------ Given material ------
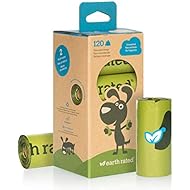 Earth Rated Dog Poop Bags, Extra Thick and Strong Poop Bags for Dogs, Guaranteed Leak-Proof, 15 Doggy Bags Per Roll, Each Dog Poop Bag Measures 9 x 13 Inches (120 Bags, 8 Rolls, Unscented)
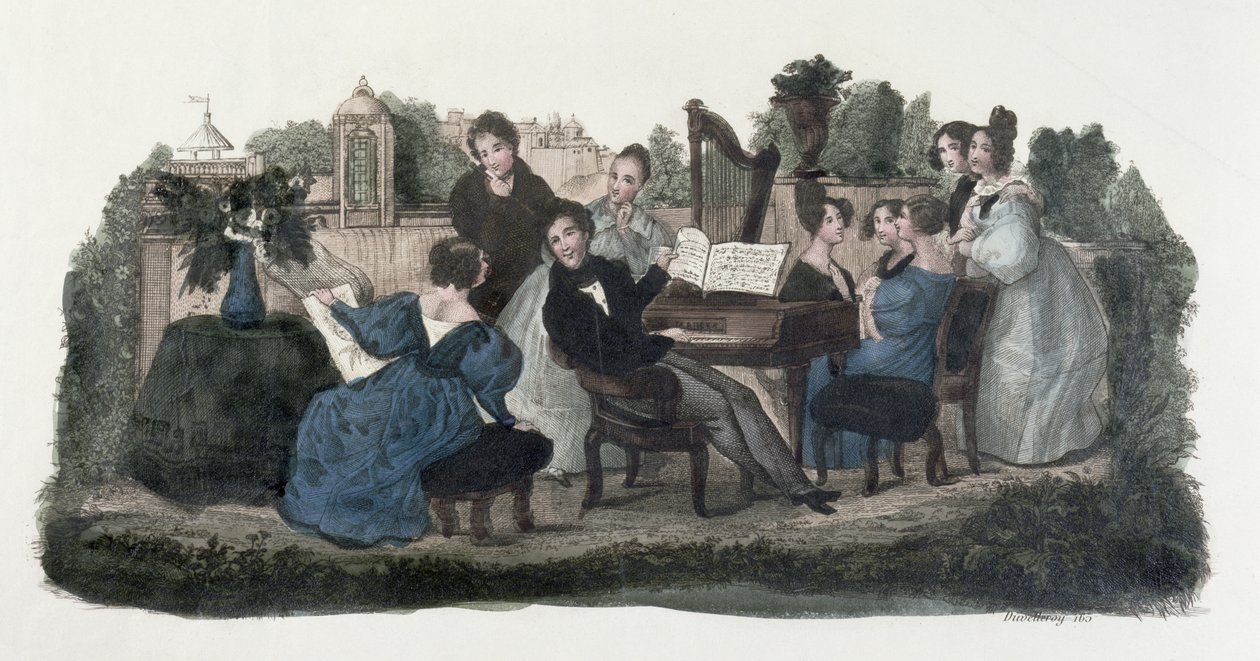 Musikalisches Treffen in einem Garten, ca. 1830 von Duvelleroy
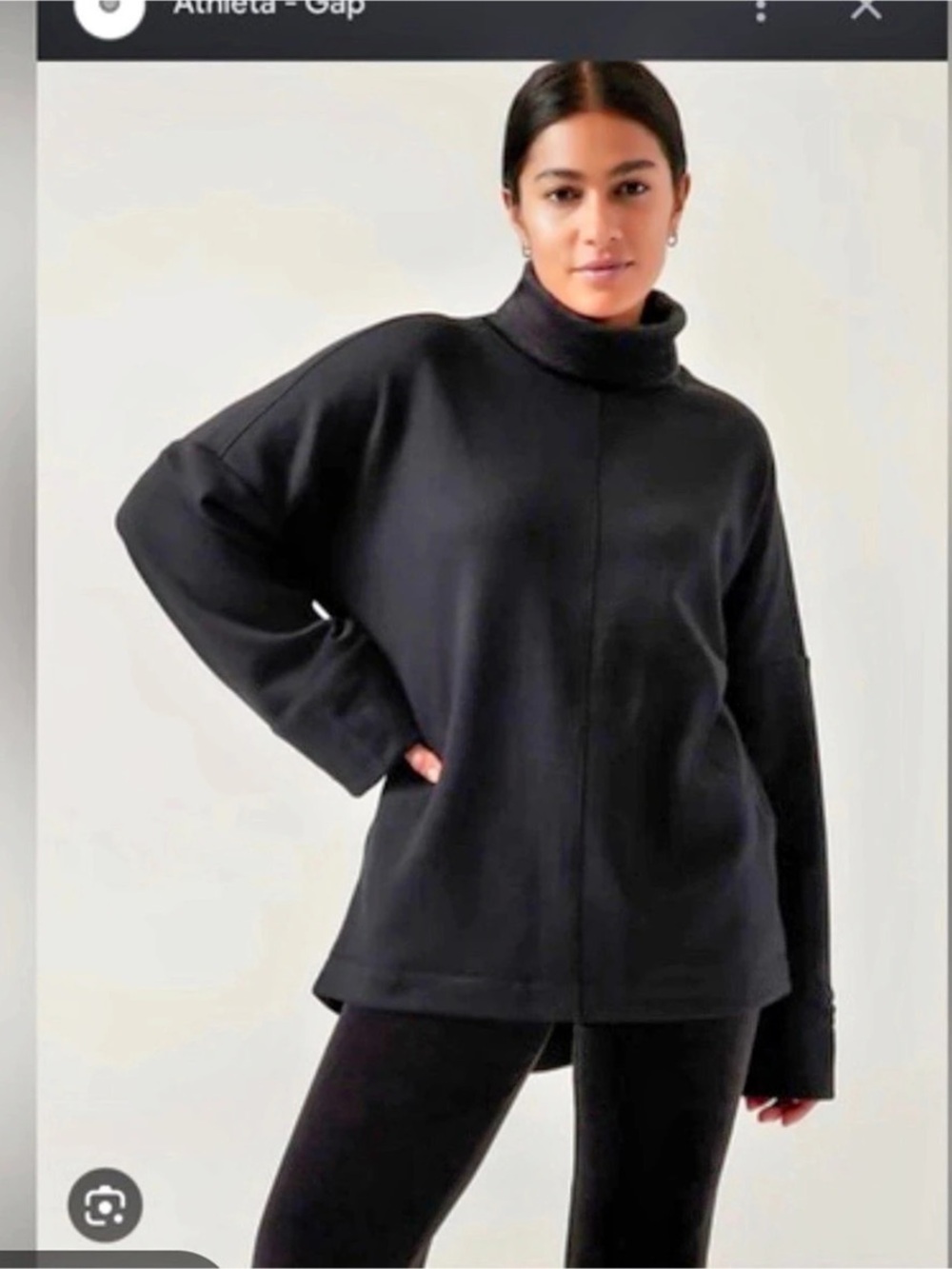 Athleta Karma Funnel Neck Funnel Neck Top Black Small Like New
------
Task description:
An unchanged copy of the data, images excluded, is all that should be given.

Solution for this exercise:
 Earth Rated Dog Poop Bags, Extra Thick and Strong Poop Bags for Dogs, Guaranteed Leak-Proof, 15 Doggy Bags Per Roll, Each Dog Poop Bag Measures 9 x 13 Inches (120 Bags, 8 Rolls, Unscented)
 Musikalisches Treffen in einem Garten, ca. 1830 von Duvelleroy
 Athleta Karma Funnel Neck Funnel Neck Top Black Small Like New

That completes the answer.